Paddy Ryan
- Full name: Patrick Joseph Ryan
- Born: December 11, 1990 (age 35) Chicago, Illinois
- Height: 6 ft 1 in (1.85 m)
- Weight: 125 kg (276 lb)
- Notable relative(s): Tim Ryan (brother) Dave Ryan (brother)

Rugby union career
- Position: Prop
- Current team: Chicago Hounds

Amateur team(s)
- Years: Team / Apps / (Points)
- Dolphin RFC
- 2017: Highfield RFC
- Correct as of April 30, 2018

Senior career
- Years: Team / Apps / (Points)
- 2014: Rugby Viadana / 5 / (10)
- 2014: London Welsh / 3 / (0)
- 2014–2015: UA Libourne / 15 / (5)
- 2015–2017: Newcastle Falcons / 12 / (0)
- 2017: Bath / 0 / (0)
- 2018: Austin Elite / 3 / (0)
- 2018–2020: Rugby United New York / 18 / (20)
- 2021–2022: Austin Gilgronis / 12 / (10)
- 2023–: Chicago Hounds
- Correct as of 18 June 2022

International career
- Years: Team / Apps / (Points)
- 2017–2019: United States / 7 / (0)
- Correct as of 18 June 2022

= Paddy Ryan (rugby union, born 1990) =

US international rugby union player (b. 1990)

Patrick Joseph Ryan (born December 11, 1990) is an Irish-American rugby union player who plays as a prop for the Chicago Hounds in Major League Rugby (MLR) and the United States men's national team.

He previously played for the Newcastle Falcons in the English premiership before joining Austin Elite for the inaugural season of Major League Rugby in 2018. Ryan also played for Rugby United New York (RUNY) in Major League Rugby (MLR) in 2019 and 2020 and then for the Austin Gilgronis in 2021 and 2022.

==Family and early life==
The son of an American mother, Paddy Ryan was born in Chicago, Illinois, but was raised in Ireland.

He played club rugby for Highfield RFC and Dolphin RFC in Cork, along with his older brothers Tim Ryan and Dave Ryan, who also later became professional rugby players.

Paddy Ryan joined the Munster Rugby academy, ultimately playing for the Munster Under-20 and Munster A sides.

==Club career==
===Early club career===
Ryan began his professional career with Viadana in the Italian Eccellenza then played with London Welsh in the English RFU Championship, and UA Libourne in the French Fédérale 1.

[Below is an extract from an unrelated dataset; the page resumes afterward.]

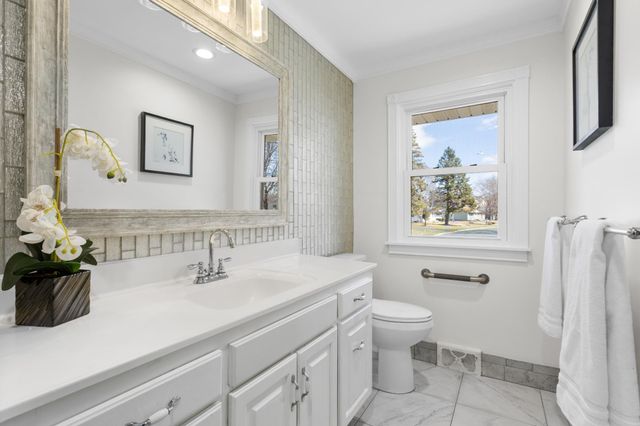 6109 Sumter Avenue N, New Hope, MN 55428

===In England: Newcastle and Bath===
In July 2015, Ryan signed a two-year contract to play for the Newcastle Falcons. He made seven total appearances for the club in English Premiership games across the 2015–16 and 2016–17 seasons, making one start during the 2015–16 season.

Following the end of his tenure with Newcastle, Ryan joined Bath on a trial.

===MLR: Austin and New York===
Ryan joined Austin Elite for their inaugural Major League Rugby season in 2018. He suffered an injury early in the season, and only made three total appearances for the club.

In late 2018, Ryan signed with Rugby United New York (RUNY) for the 2019 season, making a preseason debut with the club in December 2018.

==International career==
Ryan made his debut with the USA Eagles on June 10, 2017, appearing as a substitute in a mid-year test against Ireland. The Eagles lost the match by a score of 55–19.